The KiOr ethanol plant has been idled, and the future of the facility and its 100 employees is unknown for the moment as the company seeks additional funding.
Alternative fuel manufacturer KiOR Inc. is putting its $225 million plant in Lowndes County in “idle” state until it can raise financing for more research and plant improvements. The disclosure came in the company’s end-of-the-year financial filings with the U.S. Securities and Exchange Commission.
KiOR said idling the Columbus facility will “enable us to restart the facility upon the achievement of additional research and development milestones, consisting of process improvements and catalyst design, financing and completion of the optimization work. Unless and until we restart the Columbus facility, we expect to have no production or revenue from that facility.”

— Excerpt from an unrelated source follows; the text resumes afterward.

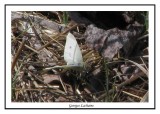 Pieris rapae - Cabage white ( Bombay Hook NWR )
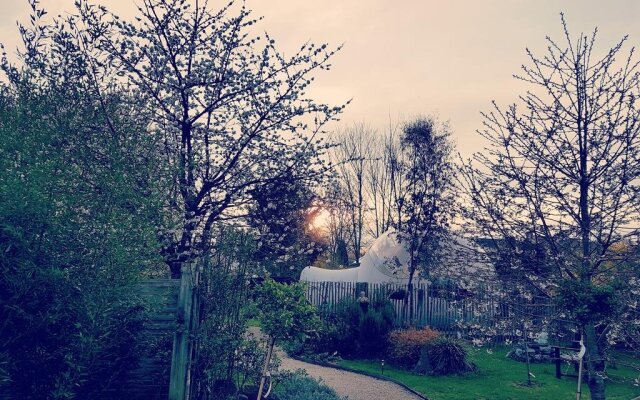 B&B Oxybulle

In that filing, KiOR also said an earlier announced second operation for Lowndes County will not occur until late 2015 — if at all.
The next-generation alternative fuels plant that started operating 18 months ago but has been plagued by operational and financial difficulties. The plant stopped production in December.
In January, the company announced it planned to stop operations during the first three months of this year for modifications to improve efficiency and output. At the time, company president Fred Cannon said the company needed to raise $10 million to pay for the upgrades and more than $20 million for additional research.
In its SEC report, the Pasadena, Texas-based company said an investor has pledged $25 million but terms of that have not been finalized and the money only is available once certain production goals are met.
The filings give no timetable for any plant restart or what may happen to its 100 employees. Last month, company President Fred Cannon said those workers would remain.
In January, KiOR paid Columbus and Lowndes County about $1 million in taxes but the future of those payments next year now is in doubt, which could cause a significant loss to city and city school finances.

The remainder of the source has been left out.